Charles Iken was called as a witness and testified that he had seen such lands, for 14 years, with nothing but cat-tails growing upon them, and that timber and *102trees thereon would die. It does not appear whether his testimony related to the condition of the land while covered by mine water, or afterwards; furthermore, he did not state any opinion as to whether the land, when free of the water, would regain its fertility, or could be made productive by proper husbandry.

The evidence bearing upon the question of the permanency of the injury to the soil lacked in definiteness to establish that its condition, after the subsidence of the water, would be one of practical irremediability. For all that is shown by the proof, the land might with proper care and attention, as testified to by Richmond, regain its productive qualities after the lapse of two or three years, and if so it certainly was not permanently injured.

It may be, as a fact, that appellees’ land has sustained an injury permanent in its nature, but such is not established by the evidence, and the burden was upon them to make such proof. Upon this record it is our conclusion that the proof does not establish that the overflow inflicted a permanent injury; hence we are of opinion that the court should not have permitted appellees to offer evidence of permanent damages concerning depreciation in the value of the land. Vogler v. Chicago & Carterville Coal Co., supra.

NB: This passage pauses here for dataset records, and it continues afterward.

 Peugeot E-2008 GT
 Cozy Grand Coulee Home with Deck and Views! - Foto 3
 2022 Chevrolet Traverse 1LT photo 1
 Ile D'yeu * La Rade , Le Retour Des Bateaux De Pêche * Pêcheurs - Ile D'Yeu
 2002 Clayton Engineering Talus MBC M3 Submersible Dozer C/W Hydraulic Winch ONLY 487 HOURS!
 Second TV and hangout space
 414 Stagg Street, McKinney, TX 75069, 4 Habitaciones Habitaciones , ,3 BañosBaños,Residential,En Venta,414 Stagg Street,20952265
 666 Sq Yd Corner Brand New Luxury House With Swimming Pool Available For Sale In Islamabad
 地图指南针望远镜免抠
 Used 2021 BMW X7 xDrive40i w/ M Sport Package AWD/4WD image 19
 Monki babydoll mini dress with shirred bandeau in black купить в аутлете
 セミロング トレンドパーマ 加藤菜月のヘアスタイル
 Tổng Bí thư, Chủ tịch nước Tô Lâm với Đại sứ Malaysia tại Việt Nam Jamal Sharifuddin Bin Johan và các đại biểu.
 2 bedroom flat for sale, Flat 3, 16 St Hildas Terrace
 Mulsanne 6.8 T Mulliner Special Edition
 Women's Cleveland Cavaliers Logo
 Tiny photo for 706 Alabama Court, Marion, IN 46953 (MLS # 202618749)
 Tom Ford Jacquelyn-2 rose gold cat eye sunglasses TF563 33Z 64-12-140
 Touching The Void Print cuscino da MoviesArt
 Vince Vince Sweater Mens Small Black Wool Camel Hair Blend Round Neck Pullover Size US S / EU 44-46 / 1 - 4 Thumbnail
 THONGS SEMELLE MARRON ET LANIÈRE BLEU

Appellant states that the case should be reversed without remanding, for the reason that Ollie Collins is not entitled to recover by reason of her written permit to appellant to pump water into the ditch, and that her children have no cause of action.

With this we do not agree; and inasmuch as appellees, upon a retrial of the cause, may make further, additional or more certain proof as to the permanency of the injury to the soil, or, if not able so to do, may offer proof as to the damages actually sustained up to the commencement of the suit, as for a temporary injury, the cause will be remanded for a new trial.